Attesa l'ordinanza del ministro Speranza con le nuove restrizioni. Lombardia, Sicilia e Bolzano in zona rossa. Scuole da lunedì al 50% in presenza

Nove Regioni passano in area arancione, e tra queste c'è anche la Liguria. Sono Abruzzo, Friuli Venezia Giulia, Lazio, Liguria, Marche, Piemonte, Puglia, Umbria e Valle D'Aosta. Restano in area arancione Calabria, Emilia-Romagna e Veneto. Lo prevede la nuova ordinanza che il ministro della Salute Roberto Speranza firmerà nelle prossime ore e che andrà in vigore a partire da domenica 17 gennaio. Tre Regioni vanno in area rossa: sono la provincia autonoma di Bolzano, Lombardia e Sicilia. La Campania insieme ad altre 5 regioni/PA restano in fascia gialla. Sono Sardegna, Basilicata, Toscana, Provincia Autonoma di Trento, Molise.

L'indice Rt puntuale in Liguria, secondo l'ultimo monitoraggio, si assesta a 1.15, secondo le nuove linee guida sopra all'1 scatta automaticamente la zona arancione. Secondo l'ultimo monitoraggio dell'Iss, l'indice di trasmissibilità Rt medio in Italia calcolato sui casi sintomatici è stato pari a 1,09 (range 1,04-1,13) in aumento da cinque settimane. 

Nessun passo indietro, dunque, con il rinnovo di tutte le misure già in vigore a partire dal coprifuoco dalle 22 alle 5, le scuole superiori in didattica a distanza al 50% e l'inasprimento delle soglie per accedere alle zone con restrizioni, introdotte con il decreto approvato mercoledì: con Rt 1 o con un livello di rischio 'alto' si va in arancione, con Rt a 1,25 in rosso. 

I ragazzi delle scuole superiori delle Regioni 'gialle e arancioni' torneranno a scuola lunedì 18 gennaio almeno al 50% della presenza: è quanto prevede il nuovo Dpcm firmato dal premier Conte. Nelle Regioni 'rosse' i ragazzi rimarranno a casa dalla seconda media a seguire la didattica a distanza. Questo fatte salve ordinanze regionali.
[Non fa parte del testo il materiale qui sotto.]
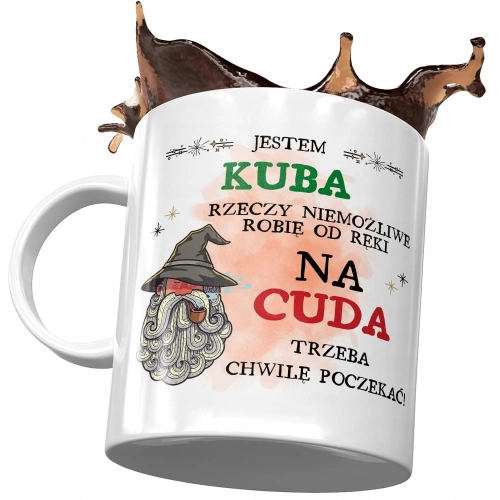 Kubek Dla Jakuba Kuby Kolegi Męża na Prezent z Nadrukiem ze Zdjęciem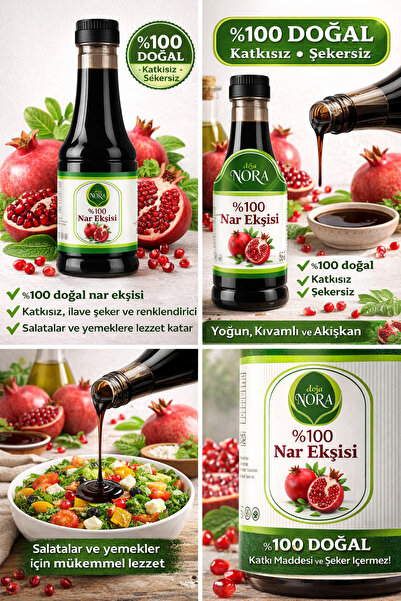 EKONORA Doğal Nar Ekşisi %100 (1000ml) Pet Şişe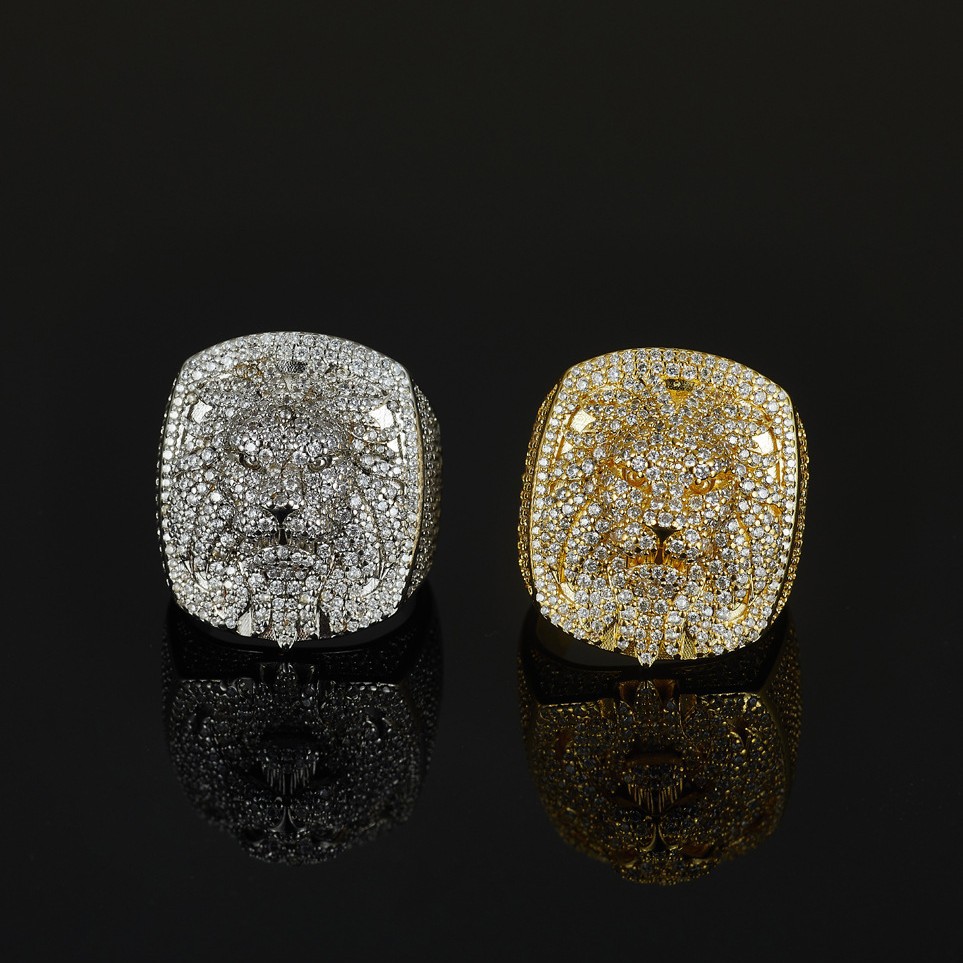 D Color Full Moissanite Diamon - Street Fashion Rings 评论和价格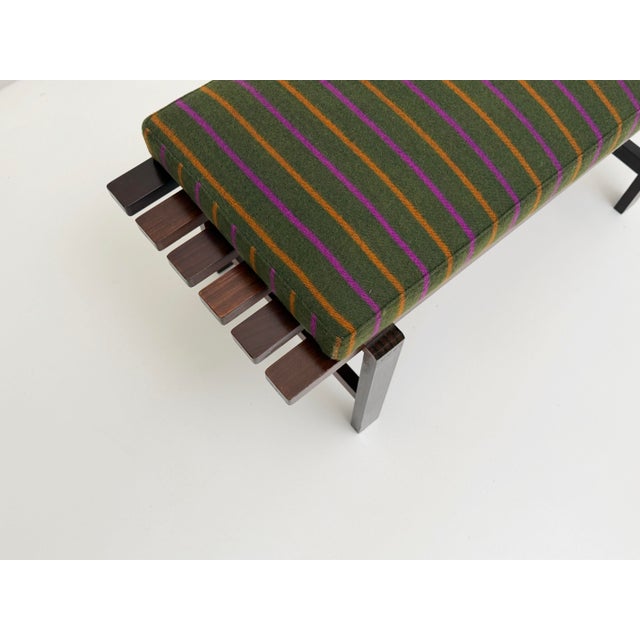 Mid-Century Modern Vintage Upholstered Bench, 1960s For Sale - Image 3 of 4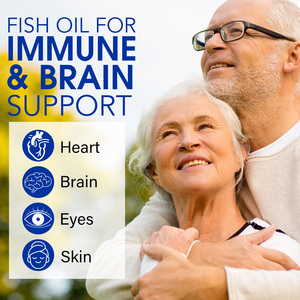 OneBotanical 240 Capsule di Olio di Pesce <span class=keywords><strong>Omega</strong></span> <span class=keywords><strong>3</strong></span> Gusto Limone con EPA DHA e <span class=keywords><strong>Omega</strong></span> <span class=keywords><strong>3</strong></span> per Uomini e Donne - Product Image 2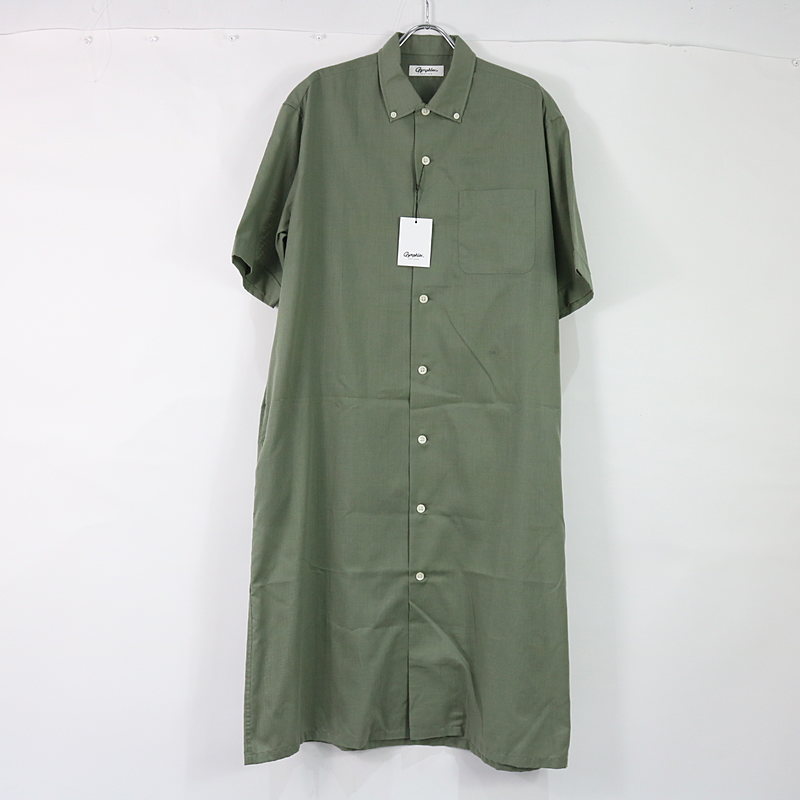 T/C BROAD S/S SHIRT ONE PEACE リネン クロス ロングスリーブ ワンピース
Il divieto di spostamento tra le regioni, comprese quelle gialle, sarà in vigore fino al 15 febbraio e non più al 5 marzo. Fino a quella data sarà invece valida la regola che consente una sola volta al giorno ad un massimo di due persone (oltre ai minori di 14 anni conviventi) di andare a trovare parenti o amici nella regione, se questa è in zona gialla, o nel comune se è in zona arancione o rossa. E sempre fino al 5 marzo sarà possibile spostarsi nelle regioni arancioni dai comuni con una popolazione non superiore ai 5mila abitanti, per una distanza non superiore ai 30 km e mai verso i capoluoghi di provincia.